--- DIRECTIONS FOR THIS TASK ---
Given the listing below, write out exactly the lines starting with the line that has "Куртка унисекс в" and going on through the line that has "Used 2026 Chevrolet", both kept.

--- SUPPLIED INFORMATION ---
-- -- --

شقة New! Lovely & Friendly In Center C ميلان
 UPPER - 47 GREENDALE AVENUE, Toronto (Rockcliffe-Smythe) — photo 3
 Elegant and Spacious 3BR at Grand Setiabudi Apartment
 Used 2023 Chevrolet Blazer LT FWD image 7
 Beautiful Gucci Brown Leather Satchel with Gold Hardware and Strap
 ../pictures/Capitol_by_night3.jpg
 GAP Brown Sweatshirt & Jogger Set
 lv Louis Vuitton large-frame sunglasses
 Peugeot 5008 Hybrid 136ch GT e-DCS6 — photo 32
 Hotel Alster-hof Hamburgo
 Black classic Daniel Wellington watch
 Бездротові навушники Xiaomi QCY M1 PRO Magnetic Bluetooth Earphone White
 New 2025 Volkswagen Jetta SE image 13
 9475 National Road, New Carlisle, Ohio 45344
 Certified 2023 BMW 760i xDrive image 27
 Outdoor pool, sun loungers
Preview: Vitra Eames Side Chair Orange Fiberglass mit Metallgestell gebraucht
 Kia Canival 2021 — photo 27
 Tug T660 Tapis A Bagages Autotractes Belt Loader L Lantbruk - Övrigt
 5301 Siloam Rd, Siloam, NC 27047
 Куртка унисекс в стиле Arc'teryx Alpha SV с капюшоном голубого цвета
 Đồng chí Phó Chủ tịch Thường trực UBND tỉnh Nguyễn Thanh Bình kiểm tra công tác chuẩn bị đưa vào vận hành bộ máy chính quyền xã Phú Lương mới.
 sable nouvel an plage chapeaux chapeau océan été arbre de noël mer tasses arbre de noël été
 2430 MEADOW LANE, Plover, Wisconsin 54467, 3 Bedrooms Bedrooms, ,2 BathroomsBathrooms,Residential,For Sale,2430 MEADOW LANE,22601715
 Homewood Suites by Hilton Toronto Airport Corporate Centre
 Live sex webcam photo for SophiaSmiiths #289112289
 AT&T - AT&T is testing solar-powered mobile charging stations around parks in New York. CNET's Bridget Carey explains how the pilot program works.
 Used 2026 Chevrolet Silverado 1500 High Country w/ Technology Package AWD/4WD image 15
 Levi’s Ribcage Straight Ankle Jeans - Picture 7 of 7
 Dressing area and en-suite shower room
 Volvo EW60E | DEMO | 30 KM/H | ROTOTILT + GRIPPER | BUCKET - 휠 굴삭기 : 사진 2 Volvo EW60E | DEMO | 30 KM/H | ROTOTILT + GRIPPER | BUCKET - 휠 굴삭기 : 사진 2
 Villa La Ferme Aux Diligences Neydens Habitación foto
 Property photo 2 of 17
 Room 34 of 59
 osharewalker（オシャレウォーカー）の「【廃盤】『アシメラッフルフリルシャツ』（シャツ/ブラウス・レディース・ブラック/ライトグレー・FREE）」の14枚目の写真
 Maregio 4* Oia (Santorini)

-- -- --

--- ANSWER FOR THE TASK ---
 Куртка унисекс в стиле Arc'teryx Alpha SV с капюшоном голубого цвета
 Đồng chí Phó Chủ tịch Thường trực UBND tỉnh Nguyễn Thanh Bình kiểm tra công tác chuẩn bị đưa vào vận hành bộ máy chính quyền xã Phú Lương mới.
 sable nouvel an plage chapeaux chapeau océan été arbre de noël mer tasses arbre de noël été
 2430 MEADOW LANE, Plover, Wisconsin 54467, 3 Bedrooms Bedrooms, ,2 BathroomsBathrooms,Residential,For Sale,2430 MEADOW LANE,22601715
 Homewood Suites by Hilton Toronto Airport Corporate Centre
 Live sex webcam photo for SophiaSmiiths #289112289
 AT&T - AT&T is testing solar-powered mobile charging stations around parks in New York. CNET's Bridget Carey explains how the pilot program works.
 Used 2026 Chevrolet Silverado 1500 High Country w/ Technology Package AWD/4WD image 15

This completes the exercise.